● **Activity**: Reproduce precisely the lines between the start of the data below and the line with "Easter baking background", both included.

Records contained in a dataset
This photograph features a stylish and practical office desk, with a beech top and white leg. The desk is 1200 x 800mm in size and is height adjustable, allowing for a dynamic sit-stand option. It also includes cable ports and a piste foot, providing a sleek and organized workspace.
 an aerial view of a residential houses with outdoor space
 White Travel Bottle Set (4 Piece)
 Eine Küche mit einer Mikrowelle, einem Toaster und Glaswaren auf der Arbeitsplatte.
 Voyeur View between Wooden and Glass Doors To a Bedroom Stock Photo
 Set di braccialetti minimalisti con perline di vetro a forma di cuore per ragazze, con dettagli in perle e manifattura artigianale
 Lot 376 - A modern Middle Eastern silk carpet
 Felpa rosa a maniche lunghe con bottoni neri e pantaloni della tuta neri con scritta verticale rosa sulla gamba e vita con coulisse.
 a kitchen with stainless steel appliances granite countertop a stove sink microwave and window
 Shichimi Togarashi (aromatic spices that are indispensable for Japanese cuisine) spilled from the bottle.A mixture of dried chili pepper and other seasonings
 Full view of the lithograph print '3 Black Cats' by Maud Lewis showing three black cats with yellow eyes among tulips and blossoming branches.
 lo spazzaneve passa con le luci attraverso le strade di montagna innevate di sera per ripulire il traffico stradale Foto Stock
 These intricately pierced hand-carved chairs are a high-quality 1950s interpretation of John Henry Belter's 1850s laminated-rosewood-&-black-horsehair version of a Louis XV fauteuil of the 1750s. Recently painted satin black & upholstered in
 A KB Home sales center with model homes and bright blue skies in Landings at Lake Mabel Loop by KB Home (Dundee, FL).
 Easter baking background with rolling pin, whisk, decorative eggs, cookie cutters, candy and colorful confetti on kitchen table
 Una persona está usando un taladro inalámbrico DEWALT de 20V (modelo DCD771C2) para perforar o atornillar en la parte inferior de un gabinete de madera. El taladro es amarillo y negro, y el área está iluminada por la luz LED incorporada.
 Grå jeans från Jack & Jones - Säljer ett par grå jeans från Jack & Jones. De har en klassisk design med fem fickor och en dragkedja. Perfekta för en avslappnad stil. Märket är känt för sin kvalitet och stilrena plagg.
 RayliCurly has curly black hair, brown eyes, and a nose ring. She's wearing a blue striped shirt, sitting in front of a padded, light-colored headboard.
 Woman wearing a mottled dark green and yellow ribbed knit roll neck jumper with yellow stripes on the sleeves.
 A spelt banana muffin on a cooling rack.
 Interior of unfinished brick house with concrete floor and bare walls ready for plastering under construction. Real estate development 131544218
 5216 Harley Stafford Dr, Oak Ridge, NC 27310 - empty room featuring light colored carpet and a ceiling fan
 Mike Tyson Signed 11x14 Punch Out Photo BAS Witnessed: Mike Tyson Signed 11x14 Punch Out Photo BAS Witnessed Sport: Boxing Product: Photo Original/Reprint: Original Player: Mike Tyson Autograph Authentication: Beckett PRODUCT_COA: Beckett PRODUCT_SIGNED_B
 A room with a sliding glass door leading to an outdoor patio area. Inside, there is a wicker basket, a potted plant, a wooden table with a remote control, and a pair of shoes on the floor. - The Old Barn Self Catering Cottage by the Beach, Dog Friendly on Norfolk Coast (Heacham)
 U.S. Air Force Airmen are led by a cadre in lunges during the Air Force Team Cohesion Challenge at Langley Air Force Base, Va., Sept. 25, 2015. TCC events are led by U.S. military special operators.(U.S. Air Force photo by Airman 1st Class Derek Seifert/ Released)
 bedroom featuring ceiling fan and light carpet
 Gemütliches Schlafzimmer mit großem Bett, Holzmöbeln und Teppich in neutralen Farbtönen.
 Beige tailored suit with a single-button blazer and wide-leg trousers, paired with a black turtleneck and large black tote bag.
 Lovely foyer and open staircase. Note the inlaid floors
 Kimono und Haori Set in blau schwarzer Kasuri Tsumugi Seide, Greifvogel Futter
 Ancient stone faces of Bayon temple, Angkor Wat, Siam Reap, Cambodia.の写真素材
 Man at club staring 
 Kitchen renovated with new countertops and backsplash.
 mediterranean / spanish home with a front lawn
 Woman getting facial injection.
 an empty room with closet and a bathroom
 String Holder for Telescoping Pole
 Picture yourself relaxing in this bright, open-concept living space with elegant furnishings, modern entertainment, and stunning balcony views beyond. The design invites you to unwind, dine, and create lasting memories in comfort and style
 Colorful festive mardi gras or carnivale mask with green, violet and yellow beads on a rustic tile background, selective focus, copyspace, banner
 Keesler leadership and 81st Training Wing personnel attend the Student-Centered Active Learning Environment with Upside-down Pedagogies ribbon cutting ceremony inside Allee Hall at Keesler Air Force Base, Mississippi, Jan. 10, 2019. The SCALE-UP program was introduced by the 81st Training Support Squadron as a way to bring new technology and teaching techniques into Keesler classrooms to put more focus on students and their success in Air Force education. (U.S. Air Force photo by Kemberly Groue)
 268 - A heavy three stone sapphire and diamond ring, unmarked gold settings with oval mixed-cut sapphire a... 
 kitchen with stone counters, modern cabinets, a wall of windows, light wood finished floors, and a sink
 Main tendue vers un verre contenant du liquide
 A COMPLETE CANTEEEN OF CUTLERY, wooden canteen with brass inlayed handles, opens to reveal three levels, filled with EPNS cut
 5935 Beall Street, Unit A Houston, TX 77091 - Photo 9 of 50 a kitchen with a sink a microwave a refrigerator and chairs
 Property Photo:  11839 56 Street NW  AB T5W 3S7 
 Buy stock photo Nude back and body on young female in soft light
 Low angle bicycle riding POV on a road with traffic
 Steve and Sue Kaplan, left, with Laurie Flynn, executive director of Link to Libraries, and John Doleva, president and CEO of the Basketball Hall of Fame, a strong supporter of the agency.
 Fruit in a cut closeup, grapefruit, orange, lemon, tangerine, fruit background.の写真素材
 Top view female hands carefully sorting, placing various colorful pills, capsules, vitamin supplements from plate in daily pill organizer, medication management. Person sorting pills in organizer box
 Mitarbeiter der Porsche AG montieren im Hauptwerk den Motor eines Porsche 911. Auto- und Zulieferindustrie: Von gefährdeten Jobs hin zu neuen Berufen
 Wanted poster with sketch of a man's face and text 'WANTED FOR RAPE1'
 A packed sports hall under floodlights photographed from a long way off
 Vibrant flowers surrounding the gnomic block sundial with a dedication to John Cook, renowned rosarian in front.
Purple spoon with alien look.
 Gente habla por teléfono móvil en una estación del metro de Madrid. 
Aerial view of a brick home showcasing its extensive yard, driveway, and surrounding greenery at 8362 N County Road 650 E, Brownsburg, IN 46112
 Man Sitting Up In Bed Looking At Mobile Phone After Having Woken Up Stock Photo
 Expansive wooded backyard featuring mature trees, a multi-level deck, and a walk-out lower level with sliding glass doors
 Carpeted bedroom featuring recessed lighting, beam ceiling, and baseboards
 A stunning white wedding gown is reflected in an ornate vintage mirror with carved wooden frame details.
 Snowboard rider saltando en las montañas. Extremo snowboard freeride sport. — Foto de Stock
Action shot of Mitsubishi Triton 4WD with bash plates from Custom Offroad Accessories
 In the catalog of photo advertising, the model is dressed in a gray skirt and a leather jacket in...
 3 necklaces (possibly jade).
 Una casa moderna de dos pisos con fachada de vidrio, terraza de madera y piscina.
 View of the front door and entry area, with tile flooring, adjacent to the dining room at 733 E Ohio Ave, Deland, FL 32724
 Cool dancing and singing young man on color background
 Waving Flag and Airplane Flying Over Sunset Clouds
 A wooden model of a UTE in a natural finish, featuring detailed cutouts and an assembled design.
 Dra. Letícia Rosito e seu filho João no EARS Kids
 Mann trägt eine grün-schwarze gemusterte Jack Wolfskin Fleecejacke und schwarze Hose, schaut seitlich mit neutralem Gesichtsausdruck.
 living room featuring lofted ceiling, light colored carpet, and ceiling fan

● **Reply to the exercise**:
This photograph features a stylish and practical office desk, with a beech top and white leg. The desk is 1200 x 800mm in size and is height adjustable, allowing for a dynamic sit-stand option. It also includes cable ports and a piste foot, providing a sleek and organized workspace.
 an aerial view of a residential houses with outdoor space
 White Travel Bottle Set (4 Piece)
 Eine Küche mit einer Mikrowelle, einem Toaster und Glaswaren auf der Arbeitsplatte.
 Voyeur View between Wooden and Glass Doors To a Bedroom Stock Photo
 Set di braccialetti minimalisti con perline di vetro a forma di cuore per ragazze, con dettagli in perle e manifattura artigianale
 Lot 376 - A modern Middle Eastern silk carpet
 Felpa rosa a maniche lunghe con bottoni neri e pantaloni della tuta neri con scritta verticale rosa sulla gamba e vita con coulisse.
 a kitchen with stainless steel appliances granite countertop a stove sink microwave and window
 Shichimi Togarashi (aromatic spices that are indispensable for Japanese cuisine) spilled from the bottle.A mixture of dried chili pepper and other seasonings
 Full view of the lithograph print '3 Black Cats' by Maud Lewis showing three black cats with yellow eyes among tulips and blossoming branches.
 lo spazzaneve passa con le luci attraverso le strade di montagna innevate di sera per ripulire il traffico stradale Foto Stock
 These intricately pierced hand-carved chairs are a high-quality 1950s interpretation of John Henry Belter's 1850s laminated-rosewood-&-black-horsehair version of a Louis XV fauteuil of the 1750s. Recently painted satin black & upholstered in
 A KB Home sales center with model homes and bright blue skies in Landings at Lake Mabel Loop by KB Home (Dundee, FL).
 Easter baking background with rolling pin, whisk, decorative eggs, cookie cutters, candy and colorful confetti on kitchen table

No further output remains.